American playwright (born 1951)

Paula Vogel (born November 16, 1951) is an American playwright. She is known for her provocative explorations of complex social and political issues. Much of her work delves into themes of psychological trauma, abuse, and the complexities of human relationships. She has received the Pulitzer Prize as well as nominations for two Tony Awards. In 2013 she was inducted into the American Theater Hall of Fame.

Vogel's off-Broadway play How I Learned to Drive earned her the 1998 Pulitzer Prize for Drama. The play was revived on Broadway in 2022, earning her a Tony Award for Best Revival of a Play nomination. She wrote the Off-Broadway plays The Baltimore Waltz (1992), Hot 'N Throbbing (1994), The Mineola Twins (1996), and The Long Christmas Ride Home (2003). She made her Broadway debut with Indecent in 2017, which earned her a nomination for the Tony Award for Best Play. She returned to Broadway with her latest play Mother Play (2024).

A longtime teacher, Vogel spent the bulk of her academic career – from 1984 to 2008 – at Brown University, where she served as Adele Kellenberg Seaver Professor in Creative Writing, oversaw its playwriting program, and helped found the Brown/Trinity Rep Consortium. From 2008 to 2012, Vogel was Eugene O'Neill Professor of Playwriting and department chair at the Yale School of Drama, as well as playwright in residence at the Yale Repertory Theatre.

== Early life and education ==
Vogel was born in Washington, D.C., to Donald Stephen Vogel, an advertising executive, and Phyllis Rita (Bremerman), a secretary for the United States Postal Service Training and Development Center. Her father was Jewish, whereas her mother was Roman Catholic. She attended Bryn Mawr College from 1969 to 1970 and 1971 to 1972, and is a graduate of The Catholic University of America (BA, 1974) and Cornell University (MA, 1976; PhD, 2016).

== Career ==
=== 1992–2014: Early works and breakthrough ===
A productive playwright since the late 1970s, Vogel first came to national prominence with her AIDS-related seriocomedy The Baltimore Waltz, which won the Obie Award for Best Play in 1992. She is best known for her Pulitzer Prize-winning play How I Learned to Drive (1997), which examines the impact and echoes of child sexual abuse and incest. Other notable plays include Desdemona, A Play About A Handkerchief (1993), The Oldest Profession (1981), And Baby Makes Seven (1984), Hot 'N Throbbing (1994), and The Mineola Twins (1996).

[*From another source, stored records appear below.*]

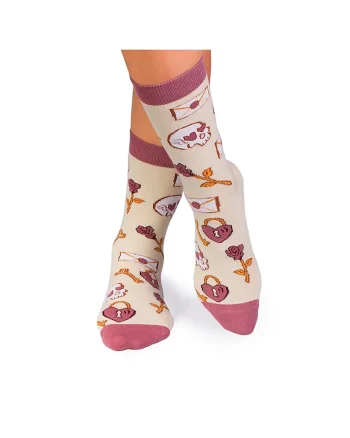 Sosete bumbac Colour Cotton Socks ST VALENTINE'S DAY Ecru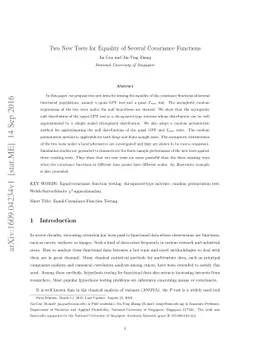 Two New Tests for Equality of Several Covariance Functions
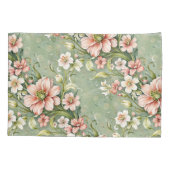 Blush roze en witte bloemen op salie kussensloop (Achterkant)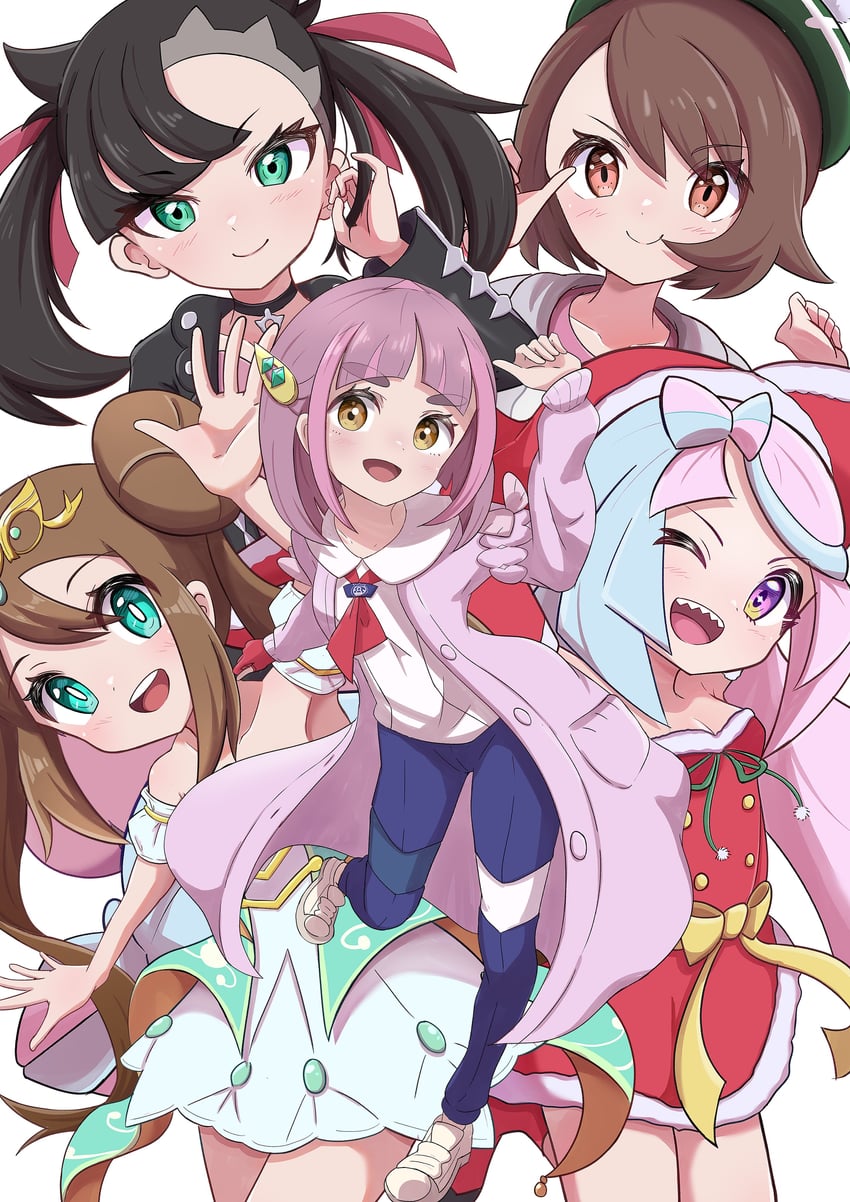 marnie, gloria, iono, lacey, and rosa (pokemon and 3 more) drawn by rono_(lethys)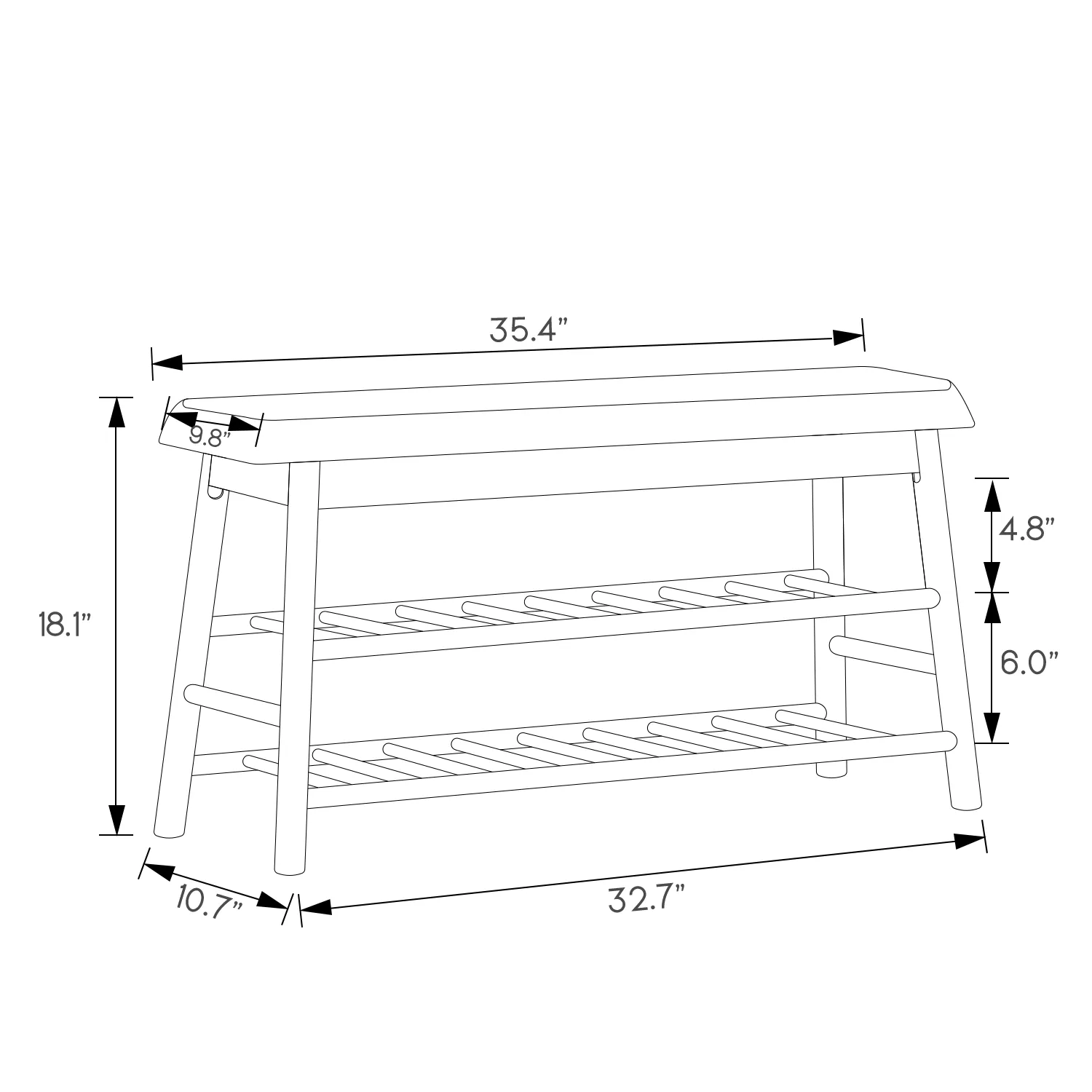 Shoe Rack Organizer Stool - Upholstered Changing Bench - Natural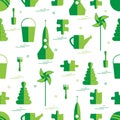 Vector pattern of different kids toys objects: rocket, puzzle, b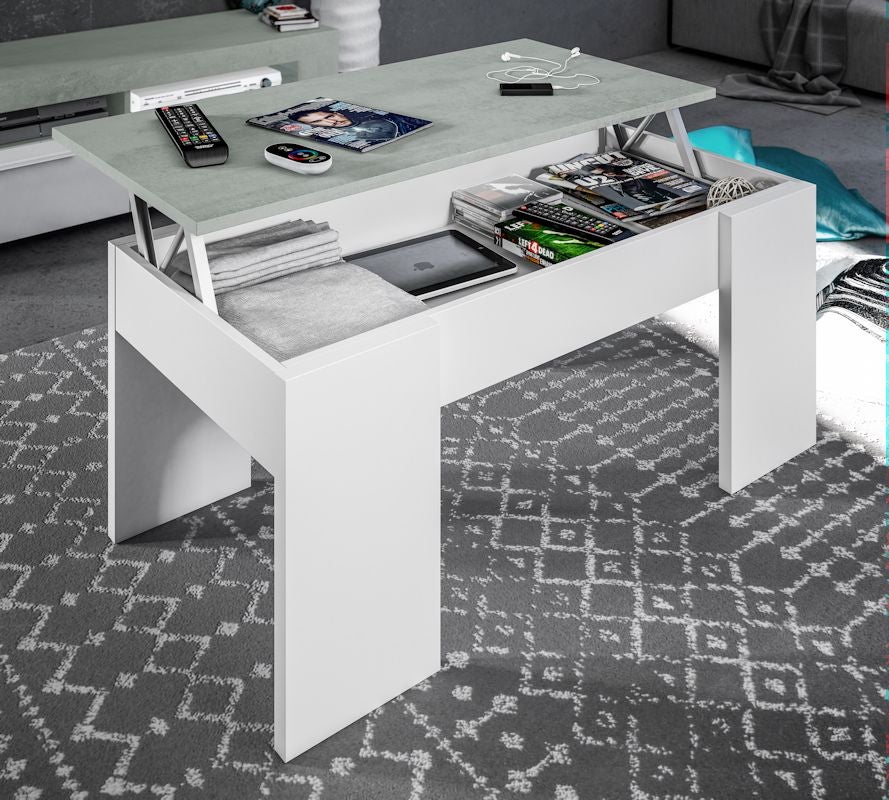 Table basse GOTHAM avec plateau relevable et rangement - Blanc / Béton - 2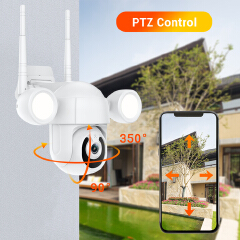 3MP Floodlight Wifi Camera Waterproof Outdoor PTZ Camera Auto Tracking Human Detection Colorful Nightvision Smart Life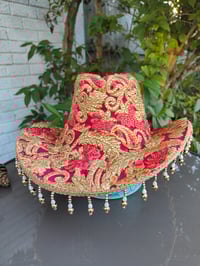 Image 1 of Dolly cowboy hat - recycled sari fabric RED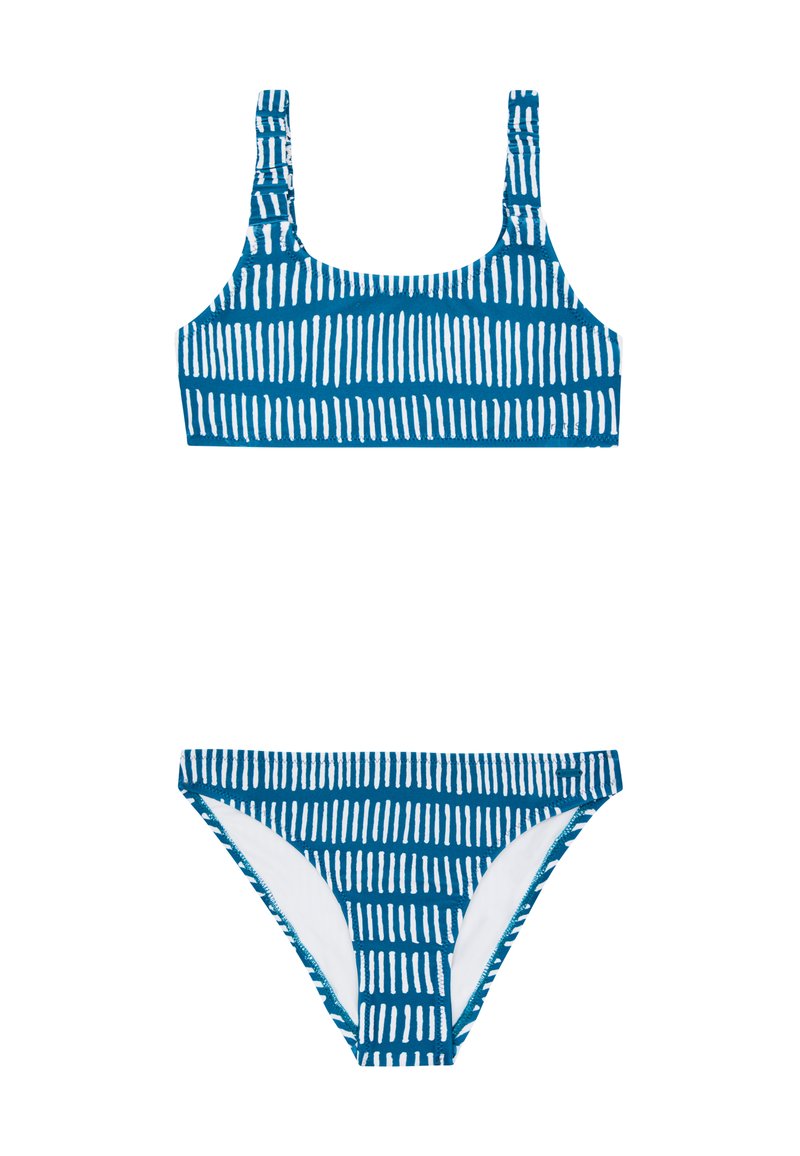 Kaksiosainen bikinit, joissa on sininen pohja ja valkoiset pystysuorat raidat. Yläosa on nelikulmainen kaula-aukko ja paksut olkaimet; alaosa on klassinen leikkaus.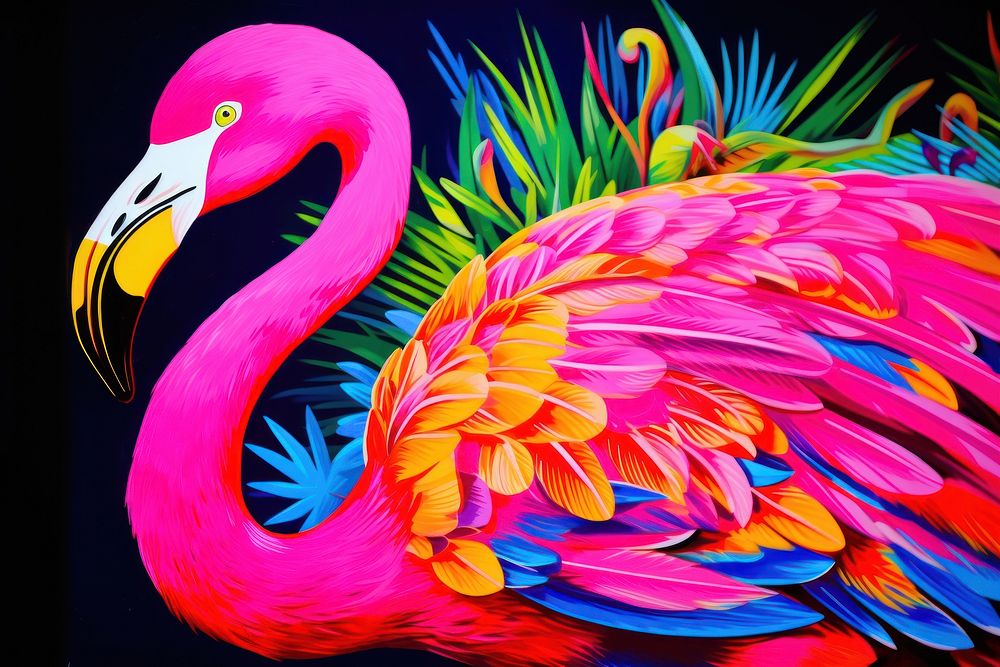 A flamingo animal yellow bird.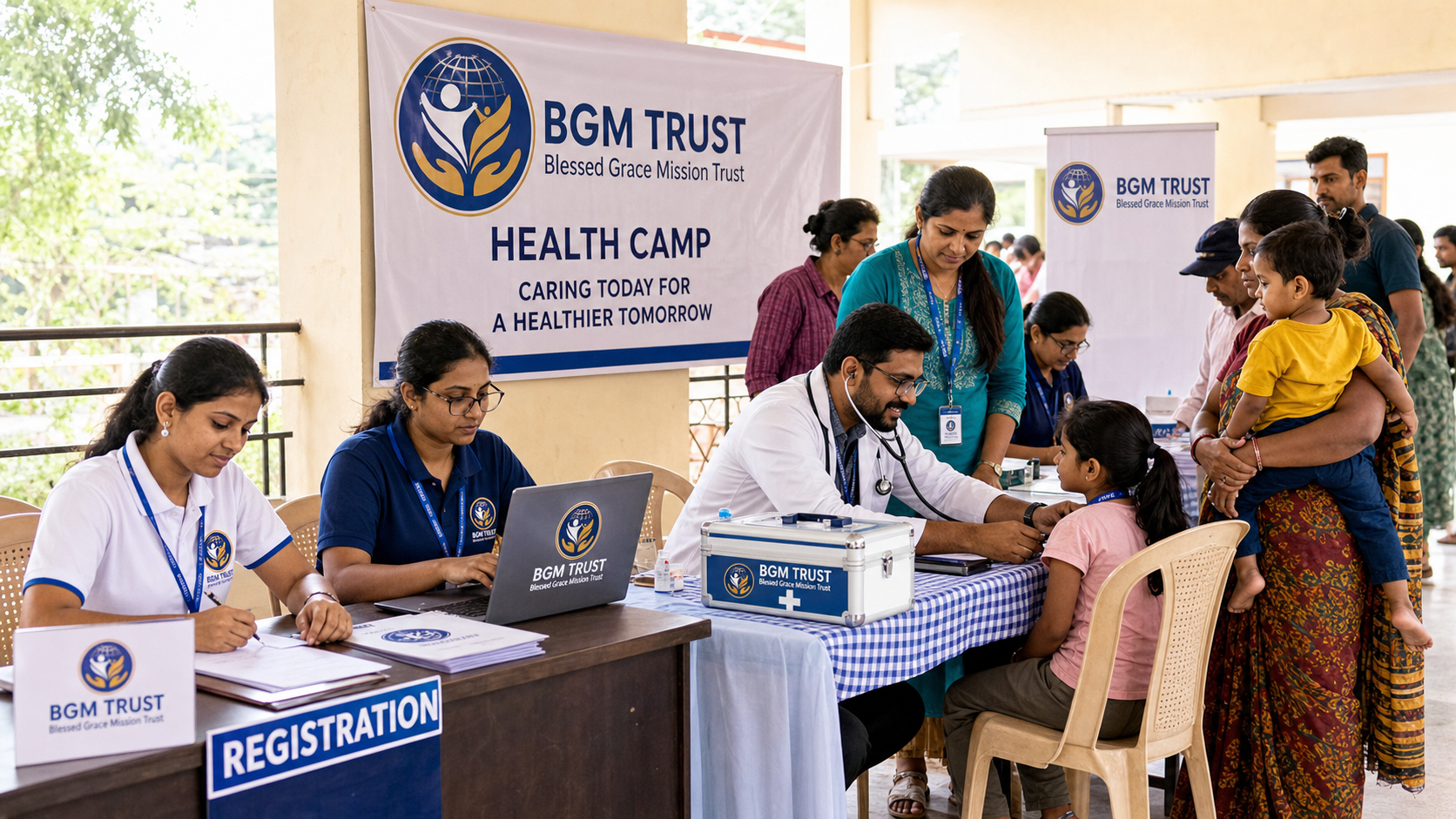 BGM TRUST health camp with staff ID cards and families receiving care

Her play The Oldest Profession was first read in February 1981 at the Hudson Guild, New York City, directed by Gordon Edelstein. The play premiered in April 1988 at Theatre Network in Edmonton, Canada and 25th Street Theatre in Saskatoon, Canada, directed by Tom Bentley-Fisher. Subsequent productions include a reading at Brown University in April 1990 and a production by Company One in Hartford, Connecticut in October 1991. The play premiered Off-Broadway in September 2004 in a Signature Theatre Company production.

And Baby Makes Seven premiered Off-Broadway in April 1993, produced by the Circle Repertory Company at the Lucille Lortel Theatre. The cast featured Peter Frechette, Cherry Jones and Mary Mara. It was first produced by Theatre with Teeth, New York City, in January 1984, directed by Vogel. It was then produced at Theatre Rhinoceros, San Francisco, in February 1986, directed by Kris Gannon. Desdemona was first produced by the Bay Street Theatre Festival, Sag Harbor, New York in July 1993 and then was produced Off-Broadway by the Circle Repertory Company in November 1993. The productions starred J. Smith-Cameron as Desdemona and Cherry Jones as Bianca.

Second Stage Theatre produced How I Learned to Drive in February 2012, the first New York City production of the play in 15 years. A Civil War Christmas was presented Off-Broadway at the New York Theatre Workshop, from November 13, 2012, to December 30, 2012. The play was directed by Tina Landau and featured Alice Ripley and Bob Stillman. The play was nominated for the 2013 Lucille Lortel Award, Outstanding Director (Landau) and Outstanding Costume Design, (Toni-Leslie James) and won the Lortel Award for Outstanding Lighting Design (Scott Zielinski). Artists Repertory Theatre, located in Portland, Oregon, presented A Civil War Christmas: An American Musical Celebration, from November 22 to December 23, 2016.

=== 2015–present: Broadway debut ===
Vogel's first play with music, Indecent, co-created and directed by Rebecca Taichman, premiered at Yale Repertory Theatre on October 2, 2015, and then ran at La Jolla Playhouse (San Diego) in November 2015. Indecent was a finalist for the 2016 Edward M. Kennedy Prize for Drama.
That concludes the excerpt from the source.